Output the entries below unchanged, except for the pictures.

» DATA UNDER STUDY:
[Start of section]
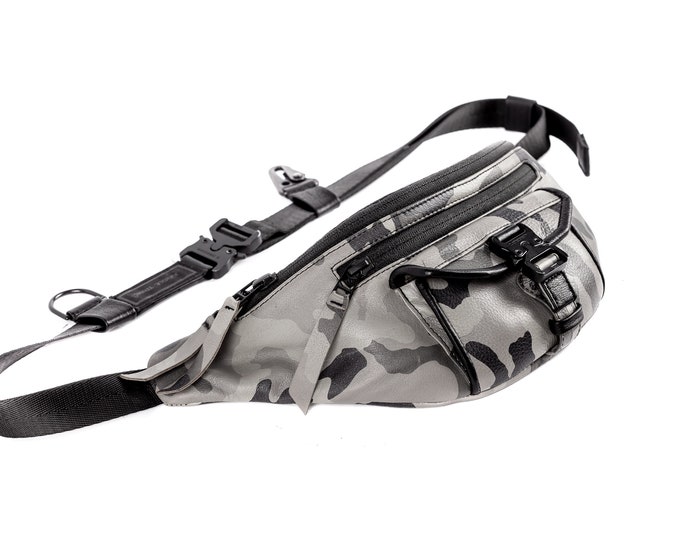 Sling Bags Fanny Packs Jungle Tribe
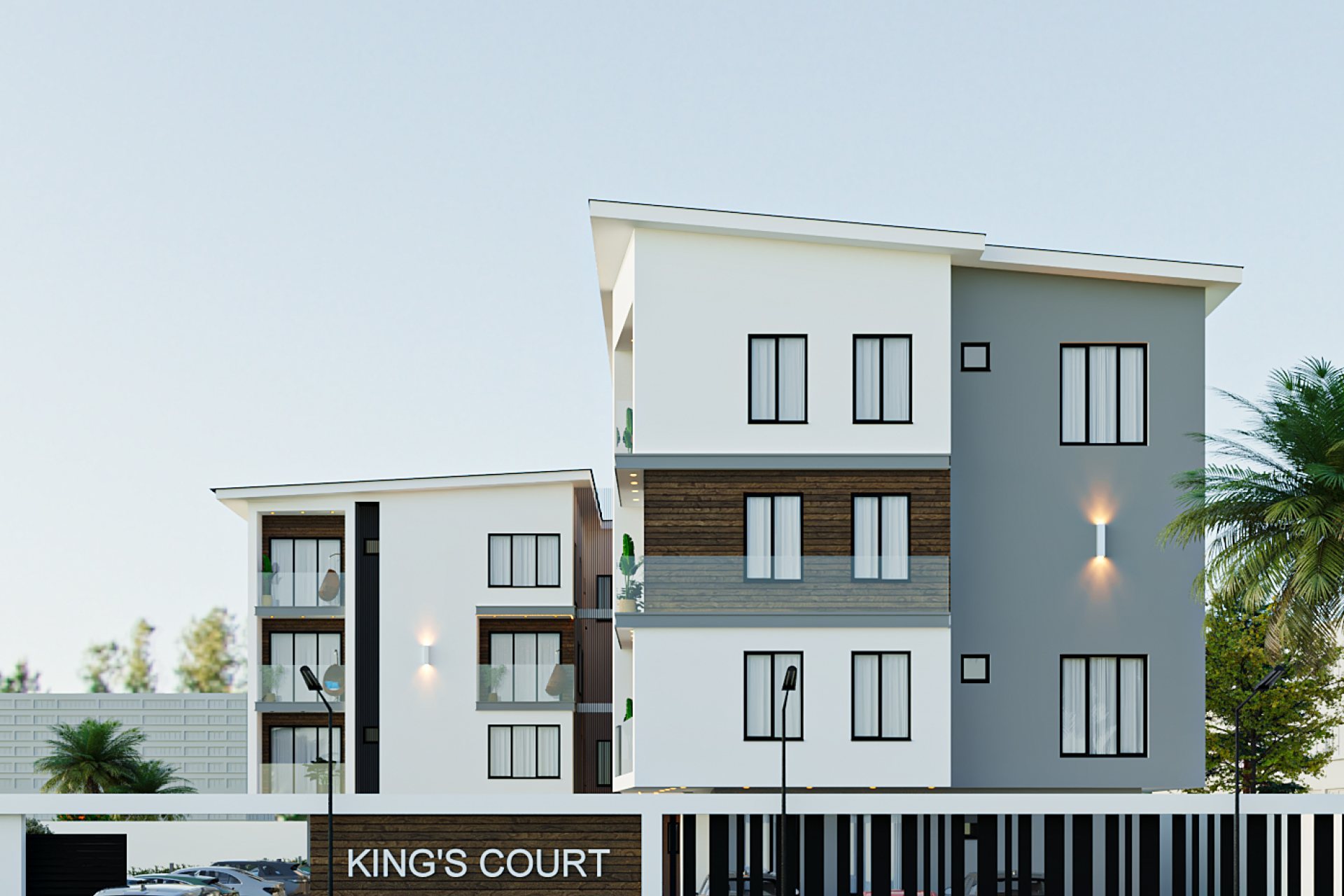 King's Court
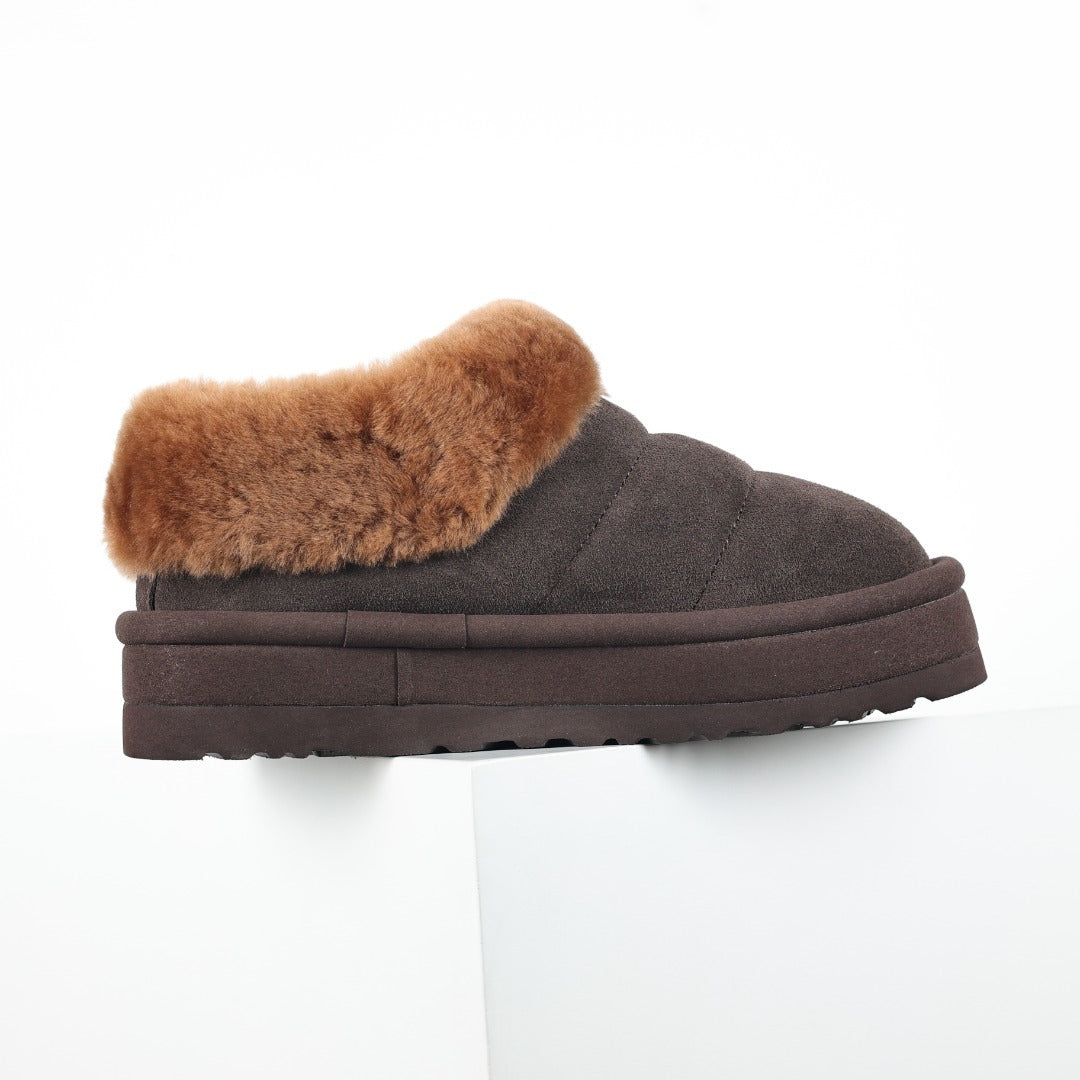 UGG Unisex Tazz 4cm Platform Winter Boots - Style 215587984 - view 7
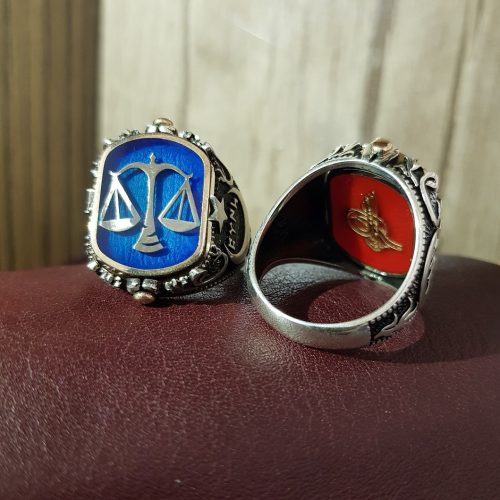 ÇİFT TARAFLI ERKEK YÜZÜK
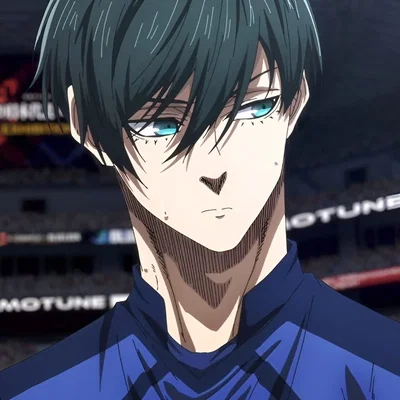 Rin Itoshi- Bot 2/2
[End of section]
» COMPLETED TASK:
 Sling Bags Fanny Packs Jungle Tribe
 King's Court
 UGG Unisex Tazz 4cm Platform Winter Boots - Style 215587984 - view 7
 ÇİFT TARAFLI ERKEK YÜZÜK
 Rin Itoshi- Bot 2/2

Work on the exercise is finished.